Внутренний монолог в литературе

Роль внутреннего монолога в жизни человека зорко подмечен реа­листами-писателями — и прозаиками, и драматургами. Он нашел в их творчестве достойное отражение. Их гений оставил нам страницы по­разительные, где жизнь человеческого духа реализуется потоком созна­ния именно через внутренние монологи, посредством внутренней, ино­гда «свернутой», сокращенной речи. И Толстой, и Достоевский, и Че­хов, и Горький писали не только о событиях, о делах и поступках сво­их героев. Целые страницы их книг отданы внутренним монологам, где часто они воссозданы как контрапункт к поведению, к диалогу героев. Если вспомнить мысли Анны Карениной в последний день ее жизни, в последние часы на роковом пути в Обираловку, то мы найдем в них отражение трагедии ее души. Ее невыразимое одиночество, вина Врон­ского перед нею и собственная вина перед сыном, опустошение, ра­зочарование, беспощадность окружающего ее мира — все влекло ее неотвратимо к самоубийству. Возвращаясь от Долли, к которой она бросилась было за помощью и где неожиданно встретила Кити, Анна ощутила свое отчуждение от общества и свое унижение еще острее: «Как они, как на что-то страшное, непонятное и любопытное, смотре­ли на меня. О чем он может с таким жаром рассказывать другому? — думала она, глядя на двух пешеходов. — Разве можно другому расска­зывать то, что чувствуешь? Я хотела рассказать Долли, и хорошо, что не рассказала. Как бы она рада была моему несчастью! Она бы скрыла это; но главное чувство было бы радость о том, что я наказана за те удовольствия, в которых она завидовала мне. Кити, та еще бы более была рада»... Анна видит мороженщика и двух мальчиков, и снова мысль ее отбирает свое: «Всем нам хочется сладкого, вкусного. Нет конфет, то грязного мороженого. И Кити так же: не Вронский, то Ле­вин. И она завидует мне. И ненавидит меня. И все мы ненавидим друг друга. Я Кити, Кити меня. Вот это правда!». Вспоминает ли она слова Яншина, слышит ли звон колоколов, видит ли извозчиков, мысль ее упорно утверждает мотив ненависти человека к человеку. «Все гладко. Звонят к вечерне... Зачем эти церкви, этот звон и эта ложь? Только для того, чтобы скрыть, что мы все ненавидим друг друга, как эти из­возчики, которые так злобно бранятся. Яншин говорит: «Он хочет ме­ня оставить без рубашки, а я его. Вот это правда!» Ее мысли все время возвращаются к Вронскому. «Никогда, никого не ненавидела так, как этого человека!..»

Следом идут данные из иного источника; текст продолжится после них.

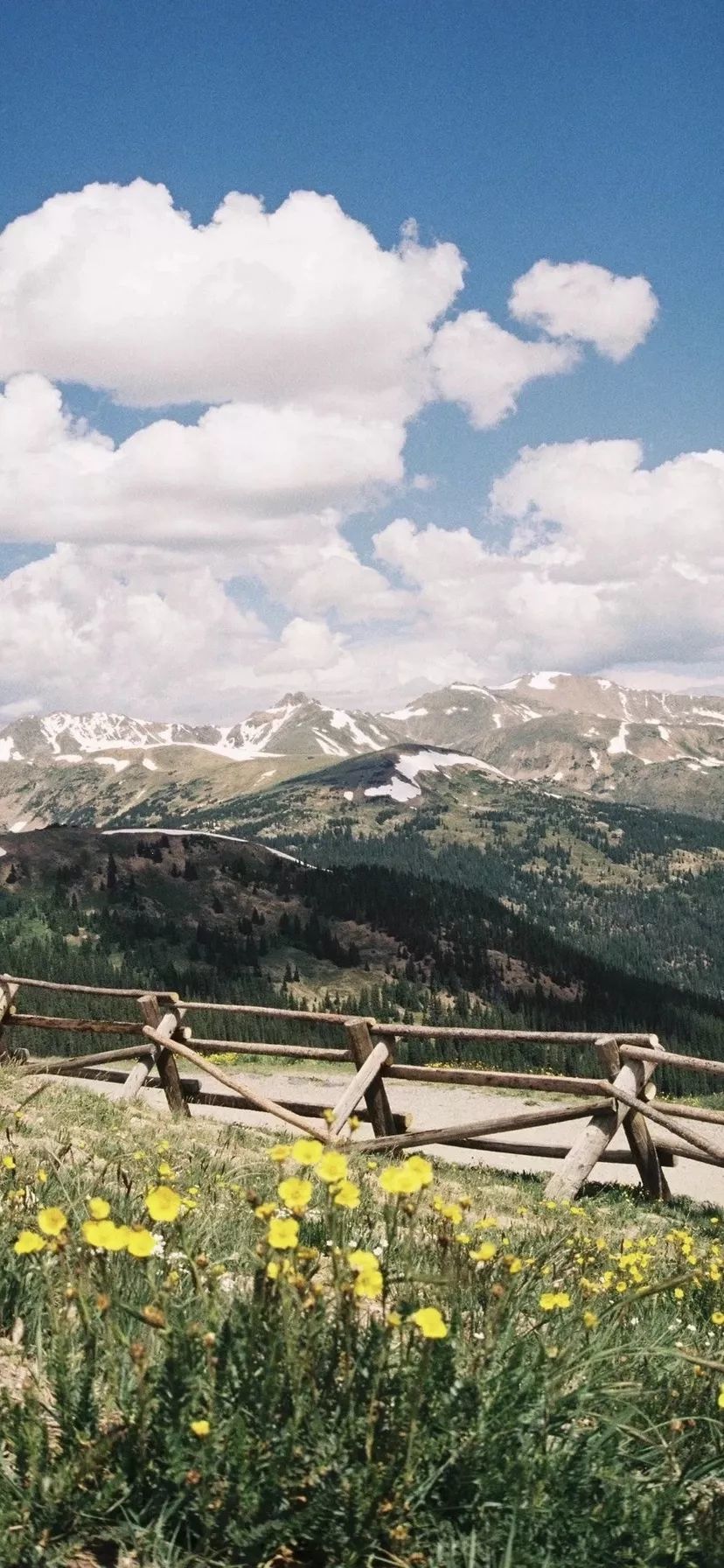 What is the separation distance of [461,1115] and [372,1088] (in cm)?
1571

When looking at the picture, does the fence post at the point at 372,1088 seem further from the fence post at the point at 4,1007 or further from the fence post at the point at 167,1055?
the fence post at the point at 4,1007

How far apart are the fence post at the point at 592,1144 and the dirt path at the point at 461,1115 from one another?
3.78 feet

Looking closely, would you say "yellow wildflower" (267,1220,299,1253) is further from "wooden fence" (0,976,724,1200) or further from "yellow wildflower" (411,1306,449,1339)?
"wooden fence" (0,976,724,1200)

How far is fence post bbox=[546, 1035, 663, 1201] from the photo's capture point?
40.5 ft

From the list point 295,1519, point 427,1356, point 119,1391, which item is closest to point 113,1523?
point 119,1391

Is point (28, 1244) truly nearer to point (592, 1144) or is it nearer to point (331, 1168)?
point (331, 1168)

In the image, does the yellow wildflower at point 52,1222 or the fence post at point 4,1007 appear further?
the fence post at point 4,1007

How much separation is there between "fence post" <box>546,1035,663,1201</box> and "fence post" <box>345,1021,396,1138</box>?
110 inches

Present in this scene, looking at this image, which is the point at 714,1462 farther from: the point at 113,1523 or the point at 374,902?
the point at 374,902

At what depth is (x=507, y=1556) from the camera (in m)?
2.65

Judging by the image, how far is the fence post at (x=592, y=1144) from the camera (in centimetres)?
1235

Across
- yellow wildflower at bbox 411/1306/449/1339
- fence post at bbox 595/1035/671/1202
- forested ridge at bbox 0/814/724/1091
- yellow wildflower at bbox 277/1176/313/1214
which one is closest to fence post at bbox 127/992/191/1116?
fence post at bbox 595/1035/671/1202

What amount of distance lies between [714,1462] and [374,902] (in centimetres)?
18298

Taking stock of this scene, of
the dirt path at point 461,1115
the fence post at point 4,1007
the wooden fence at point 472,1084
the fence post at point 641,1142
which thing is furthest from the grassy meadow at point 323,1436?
the fence post at point 4,1007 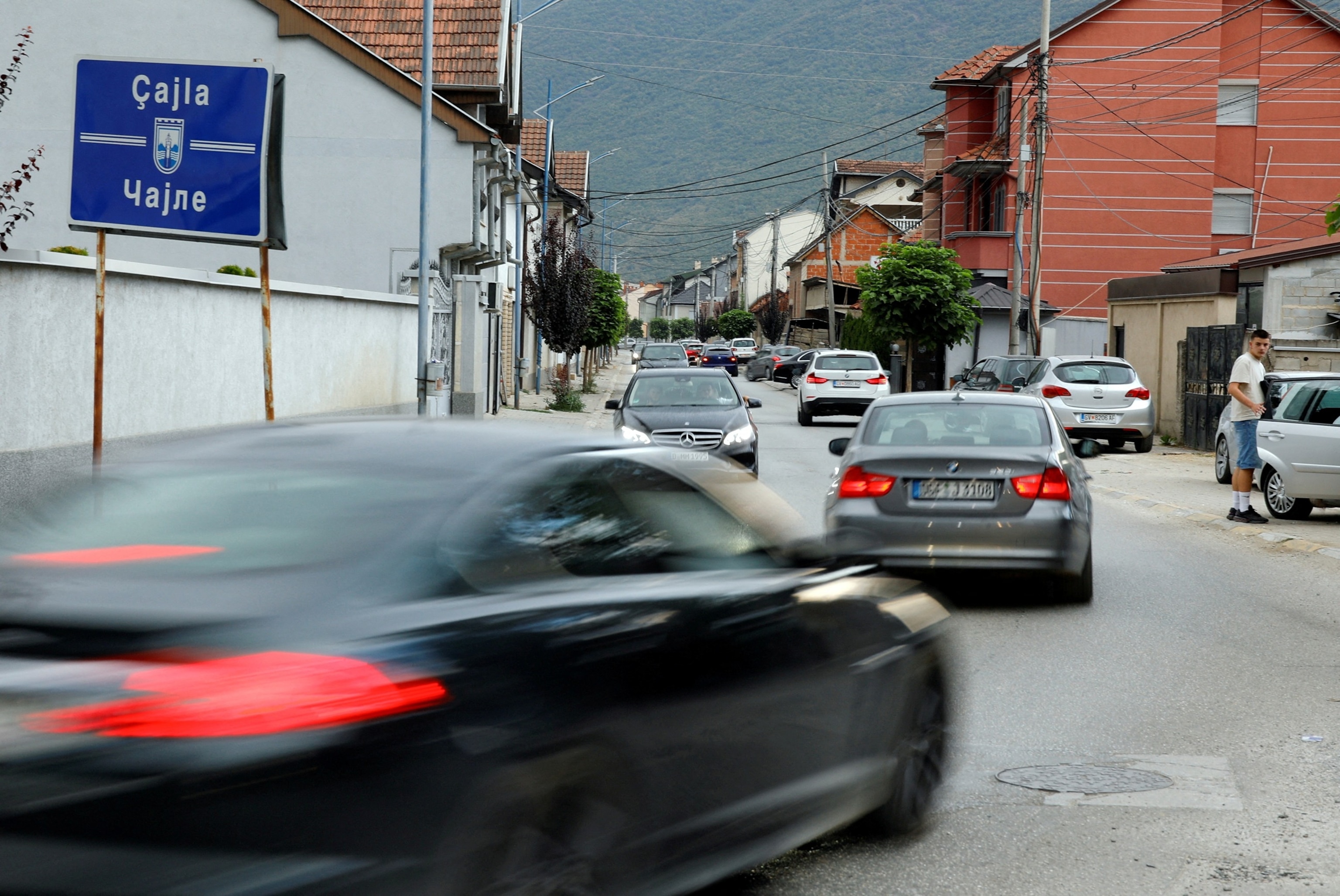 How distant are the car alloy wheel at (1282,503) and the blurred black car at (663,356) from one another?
27.3 m

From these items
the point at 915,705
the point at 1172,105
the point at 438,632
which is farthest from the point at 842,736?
the point at 1172,105

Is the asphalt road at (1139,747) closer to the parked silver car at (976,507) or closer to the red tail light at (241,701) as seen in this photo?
the parked silver car at (976,507)

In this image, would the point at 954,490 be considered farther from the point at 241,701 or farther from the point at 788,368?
the point at 788,368

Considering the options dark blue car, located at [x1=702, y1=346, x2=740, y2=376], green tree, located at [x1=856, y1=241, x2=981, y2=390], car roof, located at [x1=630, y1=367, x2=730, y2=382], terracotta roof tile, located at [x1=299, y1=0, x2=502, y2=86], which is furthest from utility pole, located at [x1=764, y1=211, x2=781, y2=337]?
car roof, located at [x1=630, y1=367, x2=730, y2=382]

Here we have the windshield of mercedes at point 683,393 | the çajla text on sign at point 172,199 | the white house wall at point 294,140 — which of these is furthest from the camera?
the white house wall at point 294,140

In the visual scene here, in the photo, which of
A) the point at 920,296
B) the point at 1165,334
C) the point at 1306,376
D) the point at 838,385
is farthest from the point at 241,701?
the point at 920,296

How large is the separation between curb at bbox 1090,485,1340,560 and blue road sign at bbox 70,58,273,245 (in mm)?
9282

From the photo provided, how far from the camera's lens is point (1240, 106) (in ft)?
156

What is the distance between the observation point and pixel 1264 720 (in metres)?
6.56

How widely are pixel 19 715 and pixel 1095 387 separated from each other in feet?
76.6

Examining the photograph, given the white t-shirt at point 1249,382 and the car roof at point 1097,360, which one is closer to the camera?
the white t-shirt at point 1249,382

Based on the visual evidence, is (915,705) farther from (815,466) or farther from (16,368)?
(815,466)

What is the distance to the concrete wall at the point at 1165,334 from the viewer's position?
27.5 metres

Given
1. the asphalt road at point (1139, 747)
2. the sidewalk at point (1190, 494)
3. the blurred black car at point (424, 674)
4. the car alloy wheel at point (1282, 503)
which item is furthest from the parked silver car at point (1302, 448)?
the blurred black car at point (424, 674) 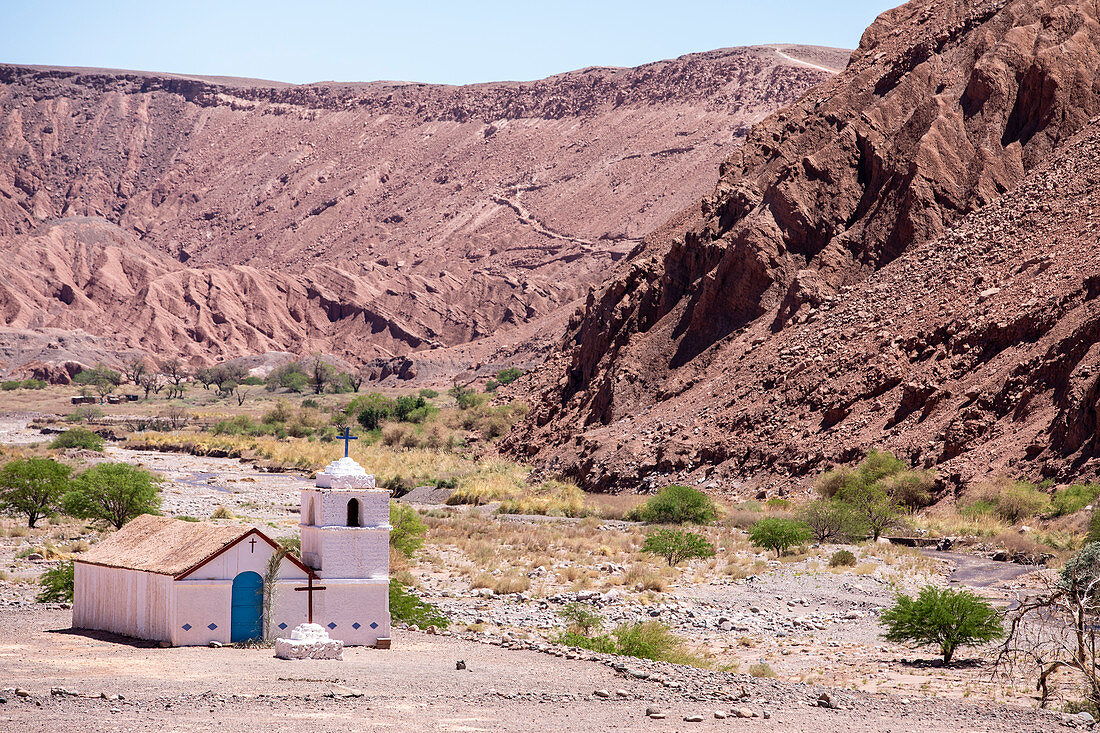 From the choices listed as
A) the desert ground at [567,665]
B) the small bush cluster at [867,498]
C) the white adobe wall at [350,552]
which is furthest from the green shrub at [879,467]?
the white adobe wall at [350,552]

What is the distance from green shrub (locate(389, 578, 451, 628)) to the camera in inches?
843

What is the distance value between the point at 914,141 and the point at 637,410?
1483 cm

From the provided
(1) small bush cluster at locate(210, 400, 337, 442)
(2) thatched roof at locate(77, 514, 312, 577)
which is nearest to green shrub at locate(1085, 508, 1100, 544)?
(2) thatched roof at locate(77, 514, 312, 577)

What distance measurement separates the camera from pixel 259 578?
59.2 feet

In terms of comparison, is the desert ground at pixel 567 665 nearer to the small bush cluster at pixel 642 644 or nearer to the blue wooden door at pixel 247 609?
the small bush cluster at pixel 642 644

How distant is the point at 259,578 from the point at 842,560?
16.0 meters

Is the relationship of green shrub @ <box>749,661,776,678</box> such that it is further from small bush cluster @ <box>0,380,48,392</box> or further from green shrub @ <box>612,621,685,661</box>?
small bush cluster @ <box>0,380,48,392</box>

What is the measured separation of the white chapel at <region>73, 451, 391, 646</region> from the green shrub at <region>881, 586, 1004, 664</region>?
25.2ft

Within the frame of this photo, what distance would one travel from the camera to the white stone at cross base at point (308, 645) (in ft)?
55.8

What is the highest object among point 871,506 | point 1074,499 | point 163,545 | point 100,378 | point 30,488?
point 100,378

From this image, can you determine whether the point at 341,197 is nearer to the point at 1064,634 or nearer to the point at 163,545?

И далее, уже по дороге на вокзал и в Обираловку ее мысль отби­рает в интерпретирует все воспоминания, встречи и впечатления на ее скорбном пути очень определенным образом — согласно ее собствен­ной ситуации, ее психологической доминанте в этот тяжкий для нее день. «Опять я понимаю все», — сказала себе Анна, как только коля­ска тронулась и, покачиваясь, загремела по мелкой мостовой, и опять одно за другим стали сменяться впечатления... Да, про то, что говорит Яшвин: борьба за существование и ненависть — одно, что связывает людей. Нет, вы напрасно едете, — мысленно обратилась она к компа­нии в коляске четверней, которая, очевидно, ехала веселиться за го­род. — И собака, которую вы везете с собой, не поможет вам. От себя не уйдете... Мы с графом Вронским также не нашли этого удо­вольствия, хотя и много ожидали от него... Он тяготится мною и ста­рается не быть в отношении меня бесчестным... Если он, не любя ме­ня, из долга будет добр, нежен ко мне, а того не будет, чего я хочу, — да это хуже в тысячу раз, даже чем злоба! Это — ад! А это-то и есть. Он уже давно не любят меня. А где кончается любовь, там начинается ненависть. Этих улиц я совсем не знаю. Горы какие-то, и все дома, дома... И в домах все люди, люди... Сколько их, конца нет, и все нена­видят друг друга... А между мною и Вронским какое же я придумаю новое чувство? Возможно ли какое-нибудь не счастье уже, а только не мученье? Нет и нет! ... Невозможно! Мы жизнью расходимся, и я де­лаю его несчастье, он мое, и переделать ни его, ни меня нельзя».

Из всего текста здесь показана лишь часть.